Carlos Paulo no espetáculo Do Desassossego. Foto: Ivana Moura

Carlos Paulo no espetáculo Do Desassossego. Foto: Ivana Moura

Há 15 anos Carlos Paulo interpreta Do Desassossego. Foto: Ivana Moura

Há 15 anos o ator português  interpreta Bernardo Soares. Foto: Ivana Moura

“O meu semi-heterónimo Bernardo Soares, que aliás em muitas cousas se parece com Álvaro de Campos, aparece sempre que estou cansado ou sonolento, de sorte que tenha um pouco suspensas as qualidades de raciocínio e de inibição; aquela prosa é um constante devaneio. É um semi-heterónimo porque, não sendo a personalidade a minha, é, não diferente da minha, mas uma simples mutilação dela. Sou eu menos o raciocínio e a afectividade. A prosa, salvo o que o raciocínio dá de ténue à minha, é igual a esta, e o português perfeitamente igual […]”
                                                                                   Fernando Pessoa, Carta a Adolfo Casais Monteiro                                                                                    Lisboa, 13 de Janeiro de 1935

 

O ajudante de guarda-livros Bernardo Soares vive e trabalha na Baixa lisboeta. É cinzenta a paisagem humana e citadina que o rodeia. Dos cafés que frequenta ao escritório da Rua dos Douradores. De figuras como o patrão Vasques, o Moreira ou o moço de fretes. Solitário, mora num quarto alugado. Essa “personalidade literária” troca ideias sobre prosa e poesia com o próprio criador, o escritor Fernando Pessoa (1888 -1935). Os fragmentos literários de Bernardo Soares compõem o Livro do Desassossego. A partir de algumas passagens desses textos o Comuna — Teatro de Pesquisa, grupo com 45 anos anos de existência / resistência, estreou em 2001, em Lisboa, o espetáculo Do Desassossego.

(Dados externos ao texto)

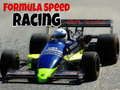 Formula Speed Racing 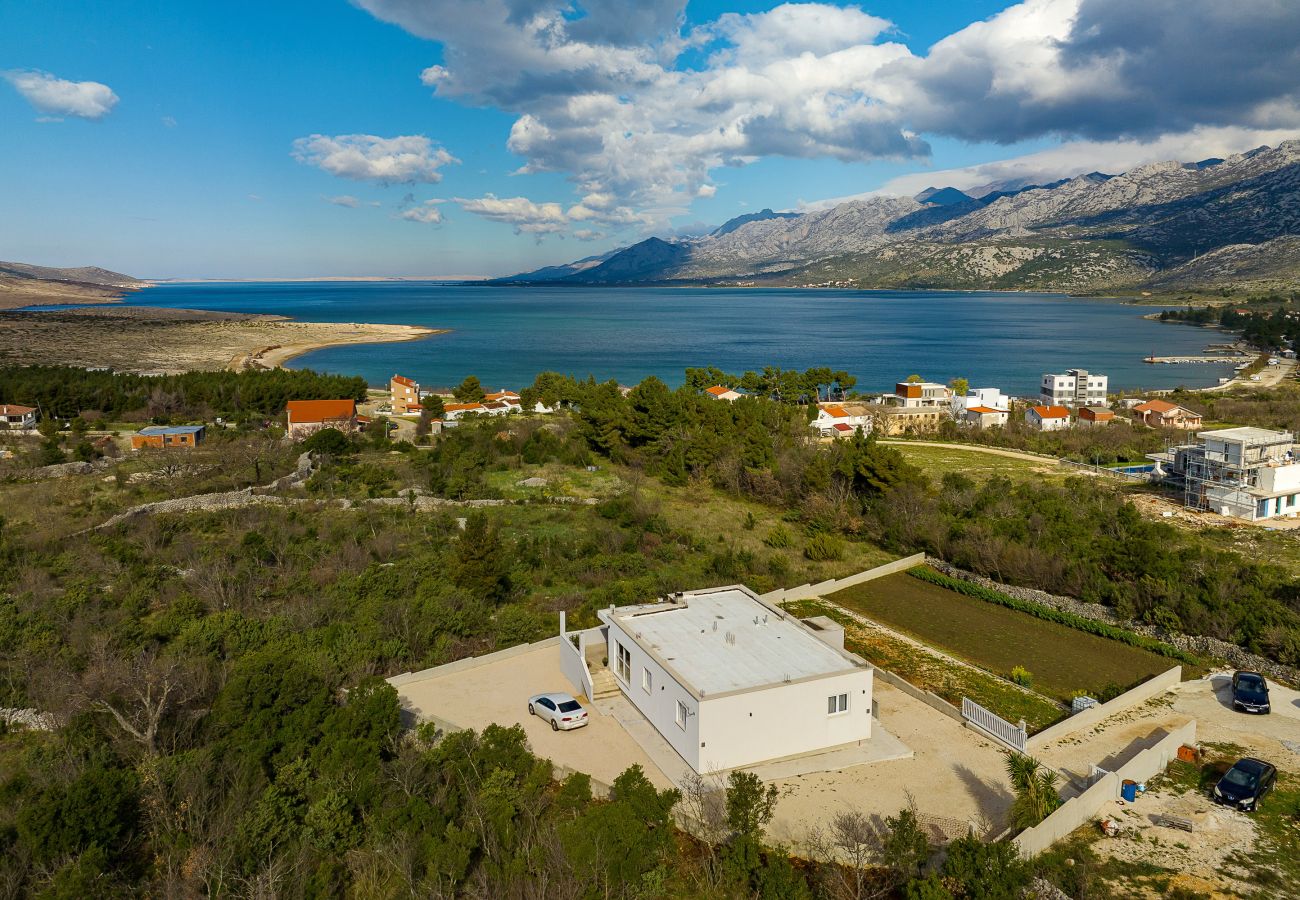 Apartment in Rovanjska - Apartment Temida with sea view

O ator Carlos Paulo atua na peça Do Desassossego há 15 anos. A montagem foi vista por mais de 30 mil pessoas e já rodou por vários países durante esse tempo, na maioria das vezes em espaços pequenos, aconchegantes, intimistas, que criam uma ambiência de cumplicidade.

Com direção de João Mota, cabe a Carlos Paulo conduzir a plateia pelas aflições e intranquilidades de alma e de corpo que pulsam das palavras de Pessoa. O intérprete, que conta com a participação do músico Hugo Franco, se multiplica em seis personagens/ arquétipos: o Escriturário, a Criança, o Mendigo, o Palestrante, Homem/Mulher e Revoltado.

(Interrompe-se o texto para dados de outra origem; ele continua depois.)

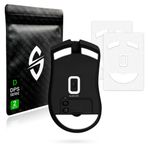 SensoryBoost DPS Glides Razer Mamba Wireless için (2'li Paket) ultra hızlı, yuvarlatılmış kenarlar, uzun ömürlü, kendinden yapışkanlı, yedek fare ayakları, oyun faresi aksesuarı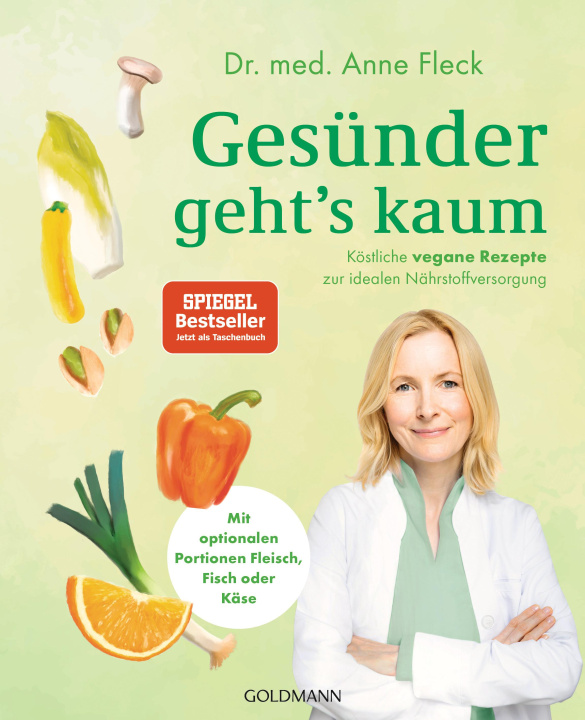Knjiga Gesünder geht's kaum Anne Fleck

A montagem foi exibida ontem, no Teatro de Santa Isabel, dentro da programação do 23º Janeiro de Grandes Espetáculos. Não funcionou em sua plenitude. As condições materiais (escolhidas e/ou oferecidas) desfavoreceram a fruição. Por alguns motivos. A interpretação intimista, muitas vezes sussurrada, do ator exigia potentes microfones e/ou um espaço menor, que permitisse uma proximidade quase tátil com a plateia.

Quase no escuro em algumas cenas. Foto: Ivana Moura

Quase no escuro em algumas cenas. Foto: Ivana Moura

A luz baixa, quase em resistência, também dificultou, e para quem estava nas poltronas mais distantes do palco, impediu mesmo, de apreciar os detalhes interpretativos do rosto do ator.  E essa penumbra não convenceu como uma opção de dramaturgia da iluminação, como ocorre com o encenador brasileiro Roberto Alvim, que radicaliza nesse quesito do quase escuro. Além disso, o sotaque português, carregado demais neste papel e muitas vezes acelerado, embaralhou a escuta.

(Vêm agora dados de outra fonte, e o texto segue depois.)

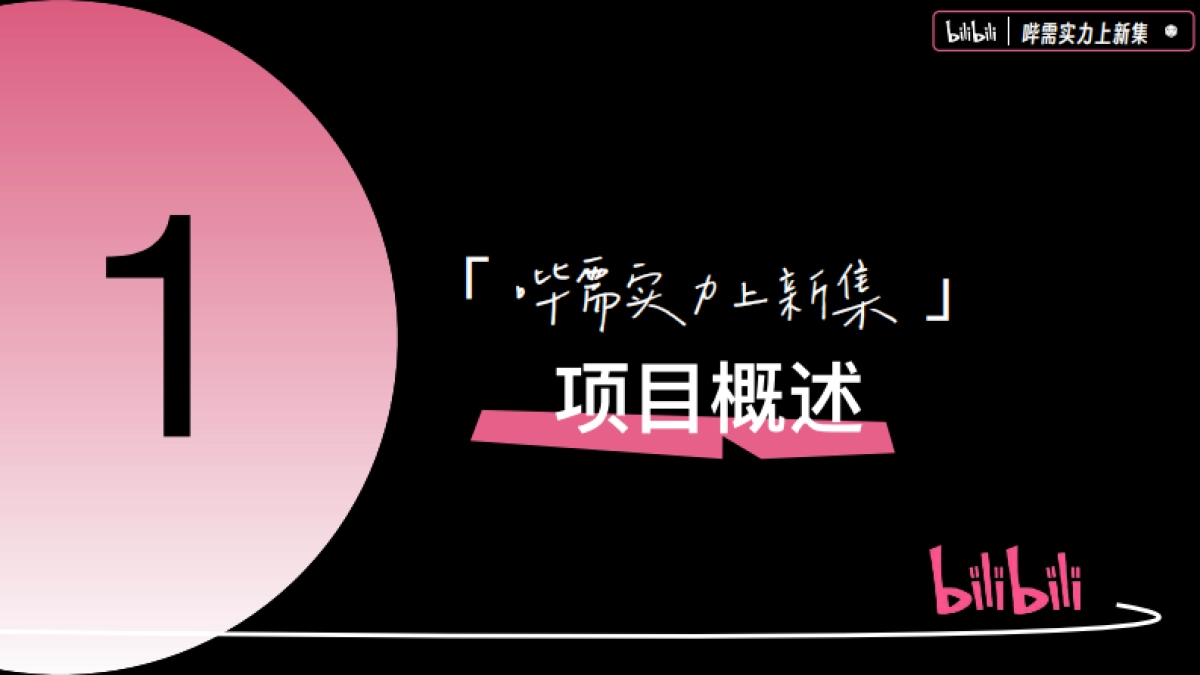 B站自营实力新品营销IP 哔需实力上新集推介案_第4页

Carlos Paulo exibiu também neste Janeiro o recital poético Homenagem a João Villaret, (confira crítica: Poesia da cena portuguesa) junto com a atriz/cantora Tânia Alves e o músico Hugo Franco. Foi no Hermilo Borba Filho, um teatro menor do que o suntuoso Santa Isabel. Utilizando microfones, as mesmas entonações carregadas de sotaque português de Portugal ganharam uma audição melhor pela propagação do som e a dicção menos acelerada, o que resultou numa apresentação mais envolvente. 

O estilo discreto, sóbrio de atuar de Carlos Paulo ganha em Do Desassossego aspectos doces e tristes. Com alguns momentos irônicos e engraçados. Mas o que predomina é uma tensão dolorida, uma dramaticidade para refletir o que há de mais profundo das emoções humanas, avizinhadas pelo tédio ou pelo sentido de inutilidade. O músico faz o papel de Fernando Pessoa, que com a execução musical rasga ou preenche silêncios, evidencia mutações, baliza os ritmos.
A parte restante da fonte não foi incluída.